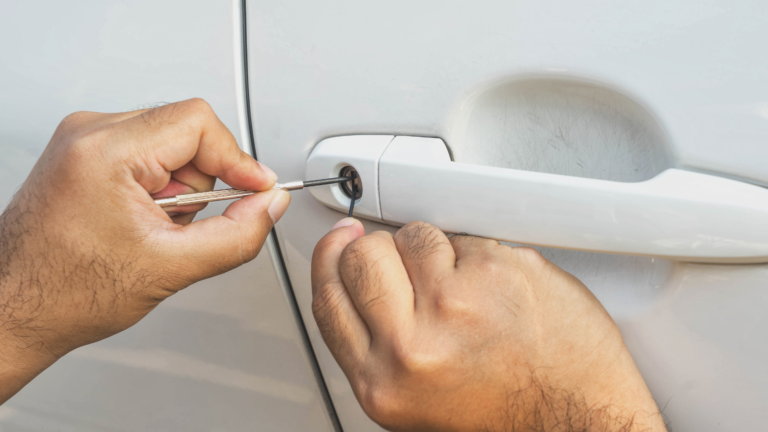 Helpful Car Locksmith Services in Castaic, CA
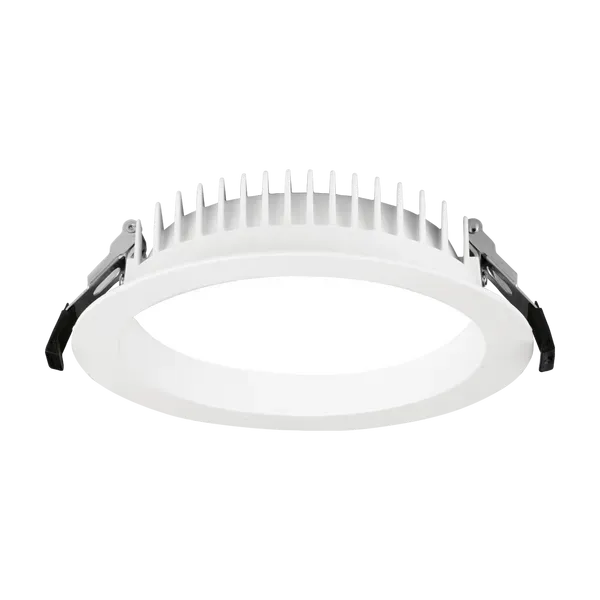 Aurora LumiCS 18W downlight LED 3CCT 1-10V dimabil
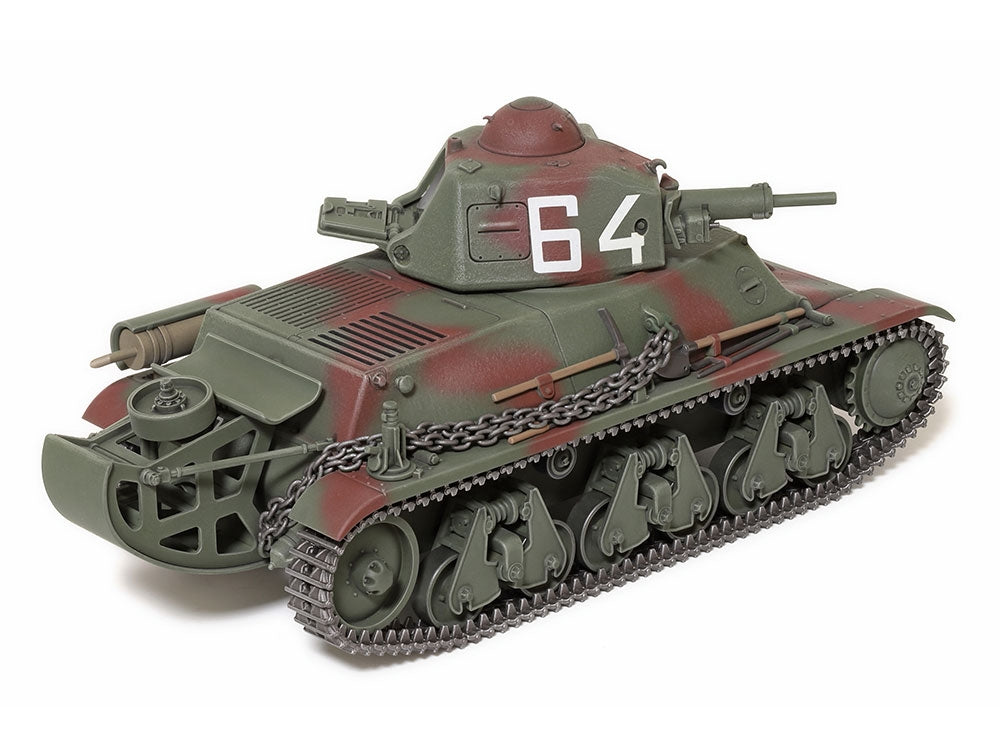 Tamiya 35389 French Light Tank H39 Pz.Kpfw.38H 735(f) 1/35 – zdjęcie 5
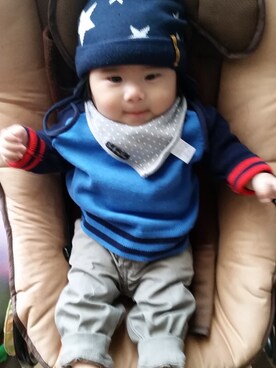 るりぼとりゅさま☆さんのコーディネート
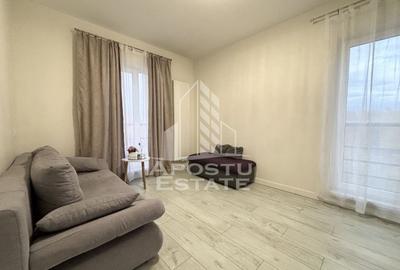 Apartament cu 3 camere, decomandat, Dumbrăvița, 2 locuri de parcare - 5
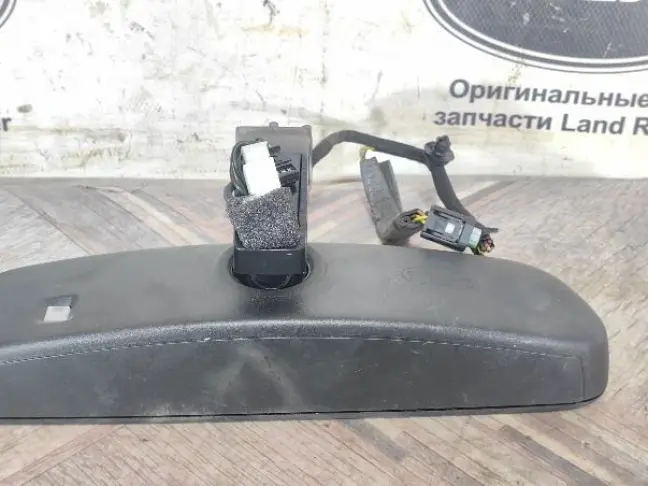 Зеркало салонное Land Rover DISCOVERY 3 L319 05-09
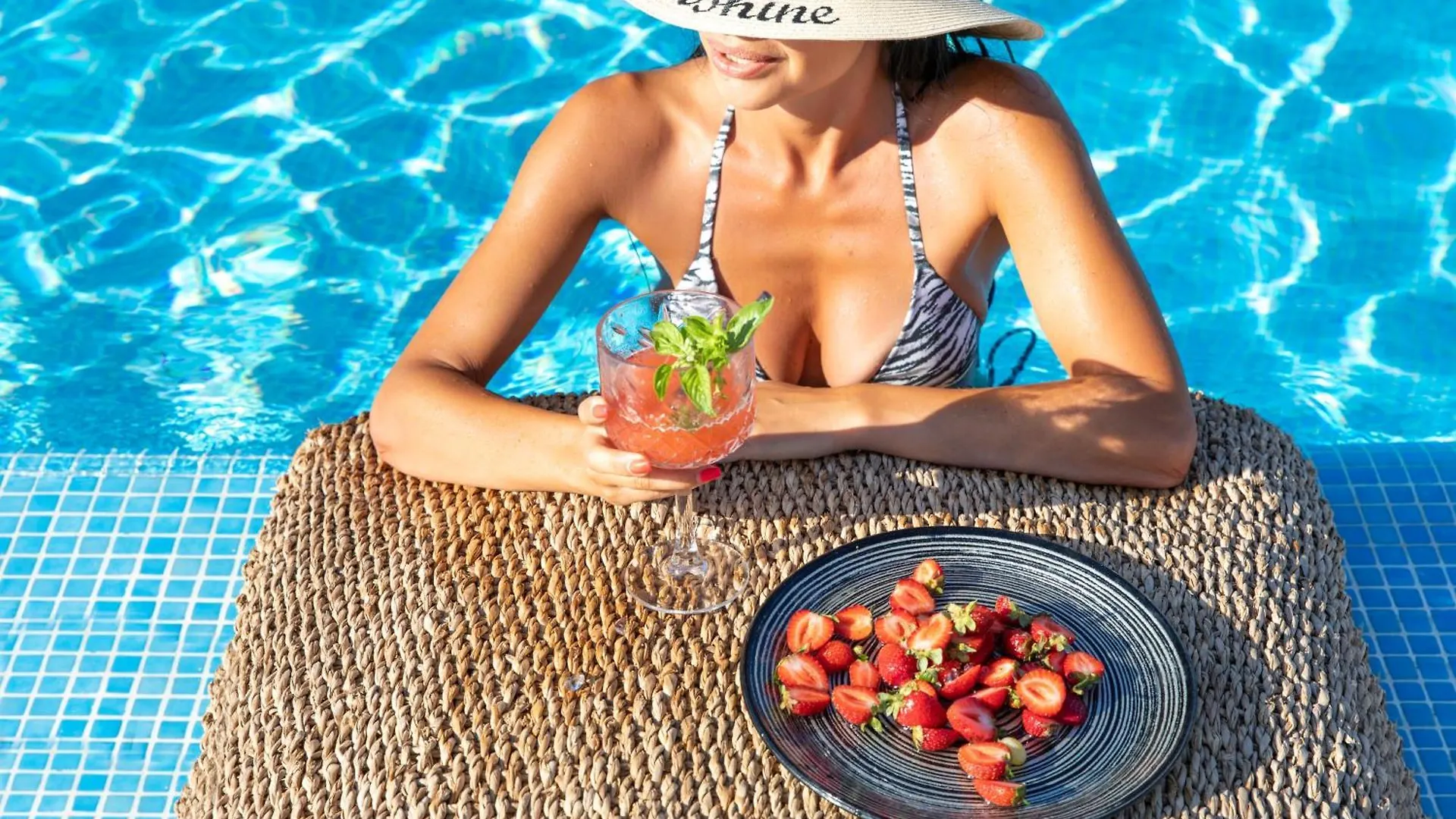 Alacati Beach Resort 0*,  Turkey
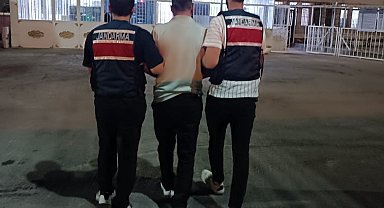Gaziantep'te kırmızı bültenle aranan DEAŞ'lı terörist yakalandı
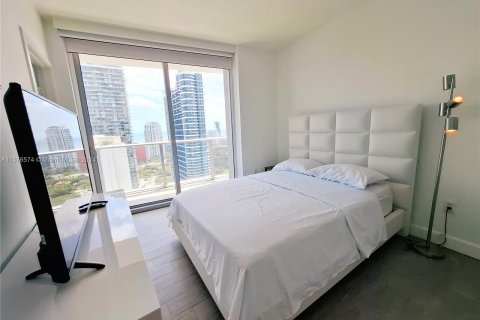 Condo in Miami, Florida, 2 bedrooms  № 1145200 - photo 7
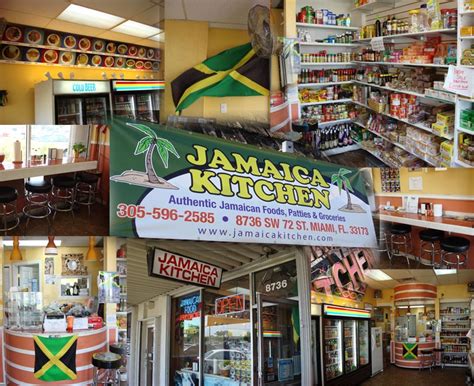 Jamaican Kitchen East Kendall Pinecrest Chinese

______

> _What you are asked to do_
Would you reproduce the lines from the one with "Зеркало салонное Land" through the final line of the data above, exactly and only those, without any pictures?

> _Answer space_
 Зеркало салонное Land Rover DISCOVERY 3 L319 05-09
 Alacati Beach Resort 0*,  Turkey
Gaziantep'te kırmızı bültenle aranan DEAŞ'lı terörist yakalandı
 Condo in Miami, Florida, 2 bedrooms  № 1145200 - photo 7
 Jamaican Kitchen East Kendall Pinecrest Chinese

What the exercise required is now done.